La direzione generale acquisti – occupata prima degli arresti da Angelo Paris – sarà invece pilotata da Marco Rettighieri. Un super-tecnico ferroviario di lungo corso. Il curriculum dice che arriva all’Expo dalla direzione operativa di Italferr, società di engineering delle Fs. Lì Rettighieri è comunque approdato da appena due mesi e il suo avvicendamento come direttore generale della Ltf (la società italo-francese che sta costruendo la Tav fra Torino e Lione) ha suscitato reazioni polemiche soprattutto da due senatori del Pd piemontese come Stefano Esposito e Daniele Borioli. I quali, a loro volta, si erano ritrovati al centro di altre voci polemiche: i due parlamentari avevano parlato di “sgarbo” fatto dall’amministratore delegato delle Ferrovie Mario Moretti, ex sindacalista della Cgil peraltro in uscita verso Finmeccanica nel giro di nomine deciso da Renzi.

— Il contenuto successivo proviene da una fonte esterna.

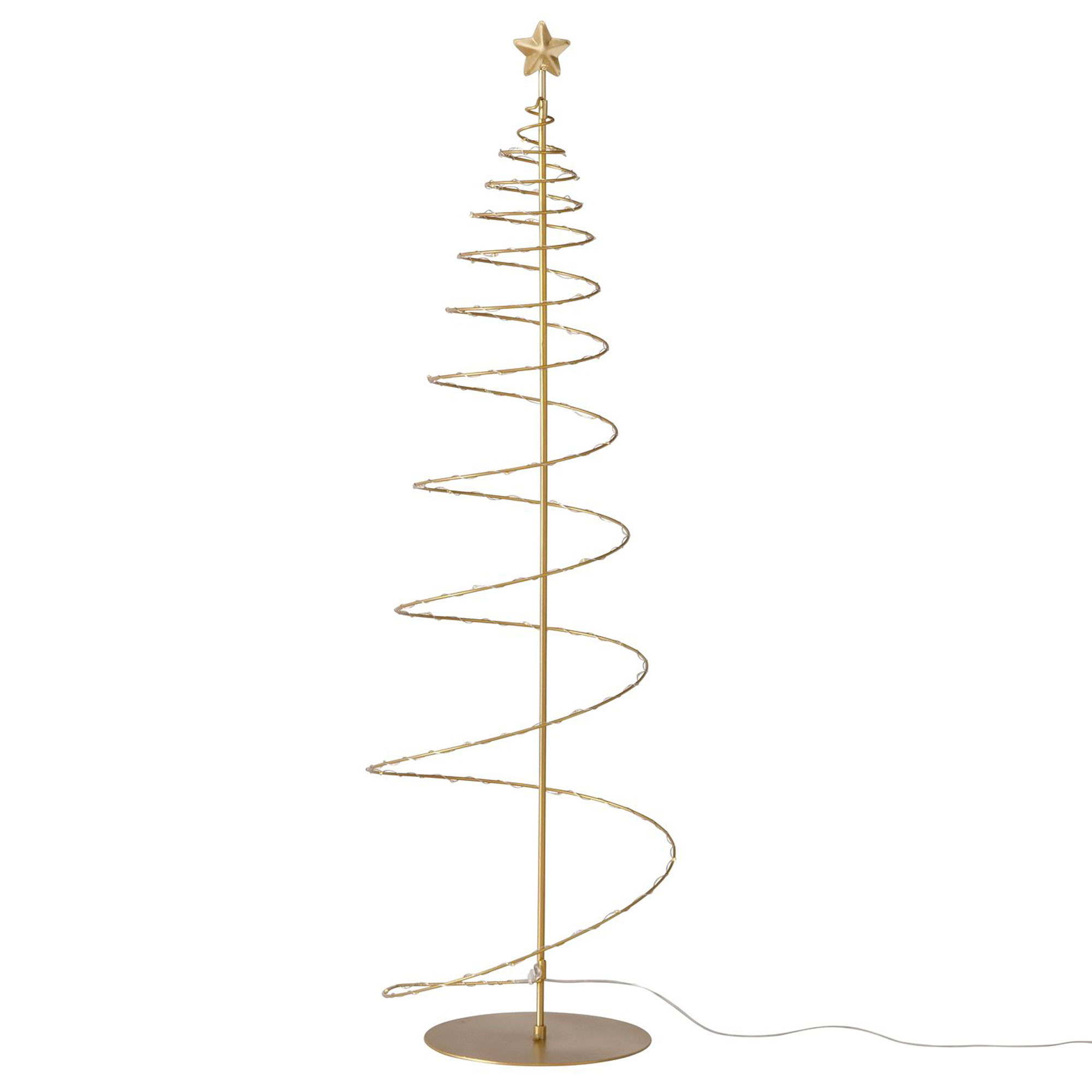 Décoration de Noël lumineuse à poser sapin led métal doré 24x24x80cm, WADIGA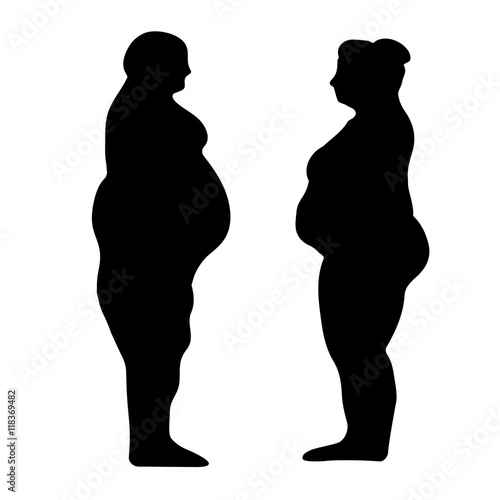 silhouette outline of a fat men and women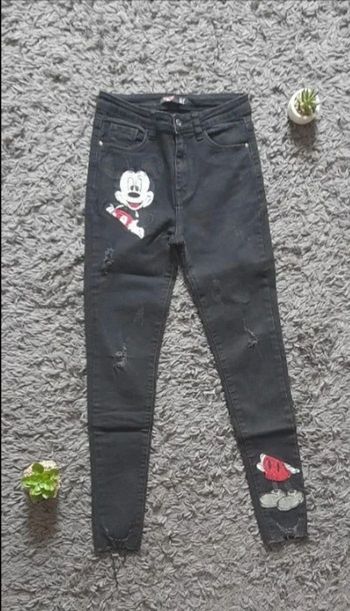 Jean skinny imprimé sequins Mickey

Qualcuno – certo per eccesso di dietrologia e malizia – ha visto un po’ d’ansia da parte della sinistra piemontese sul futuro degli appalti Tav. Rettighieri – dirigente molto vicino a Moretti – a Italferr era d’altronde in parcheggio: in attesa che l’organigramma manageriale delle Fs venisse sistemato nel dopo-Moretti. Polemico con il premier sugli stipendi dei top manager pubblici – il potentissimo capo-azienda delle rotaie – ma premiato il mese scorso con la poltrona pubblica forse più strategica e ambita assieme a quella dell’Eni.